Problem requirements:
Copy out every line from the records that includes "Patch".

Caption-style text data

• • •

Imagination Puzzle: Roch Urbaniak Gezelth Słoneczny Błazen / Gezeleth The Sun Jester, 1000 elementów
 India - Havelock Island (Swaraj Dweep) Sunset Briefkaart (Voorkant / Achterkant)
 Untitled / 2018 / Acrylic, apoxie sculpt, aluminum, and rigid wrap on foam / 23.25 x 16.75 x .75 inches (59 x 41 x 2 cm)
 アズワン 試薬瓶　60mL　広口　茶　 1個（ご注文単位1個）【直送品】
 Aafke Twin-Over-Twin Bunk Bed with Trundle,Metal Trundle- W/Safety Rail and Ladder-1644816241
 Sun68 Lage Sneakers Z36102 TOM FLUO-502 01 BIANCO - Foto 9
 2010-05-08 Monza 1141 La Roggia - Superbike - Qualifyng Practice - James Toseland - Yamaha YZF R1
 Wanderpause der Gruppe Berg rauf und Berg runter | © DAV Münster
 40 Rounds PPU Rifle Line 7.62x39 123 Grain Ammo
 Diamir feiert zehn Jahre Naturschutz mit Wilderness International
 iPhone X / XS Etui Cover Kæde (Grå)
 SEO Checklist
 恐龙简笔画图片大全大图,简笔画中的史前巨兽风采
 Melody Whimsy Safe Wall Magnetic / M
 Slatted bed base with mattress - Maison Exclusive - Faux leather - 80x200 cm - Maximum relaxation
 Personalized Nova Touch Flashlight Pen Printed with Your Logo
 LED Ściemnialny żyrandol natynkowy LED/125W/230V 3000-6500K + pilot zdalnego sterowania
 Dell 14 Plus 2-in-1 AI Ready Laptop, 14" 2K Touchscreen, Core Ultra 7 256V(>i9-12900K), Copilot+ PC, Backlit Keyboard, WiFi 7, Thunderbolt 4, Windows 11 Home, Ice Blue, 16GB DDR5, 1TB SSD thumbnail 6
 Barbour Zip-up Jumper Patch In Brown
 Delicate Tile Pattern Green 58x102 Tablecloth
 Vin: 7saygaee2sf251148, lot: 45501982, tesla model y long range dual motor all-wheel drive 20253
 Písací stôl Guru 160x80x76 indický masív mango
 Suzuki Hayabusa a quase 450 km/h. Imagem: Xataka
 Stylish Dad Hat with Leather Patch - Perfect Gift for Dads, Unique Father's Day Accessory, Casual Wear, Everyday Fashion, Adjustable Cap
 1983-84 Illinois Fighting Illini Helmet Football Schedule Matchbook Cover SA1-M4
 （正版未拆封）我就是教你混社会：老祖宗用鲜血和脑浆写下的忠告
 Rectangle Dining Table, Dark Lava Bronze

• • •

Answer for this exercise:
 Barbour Zip-up Jumper Patch In Brown
 Stylish Dad Hat with Leather Patch - Perfect Gift for Dads, Unique Father's Day Accessory, Casual Wear, Everyday Fashion, Adjustable Cap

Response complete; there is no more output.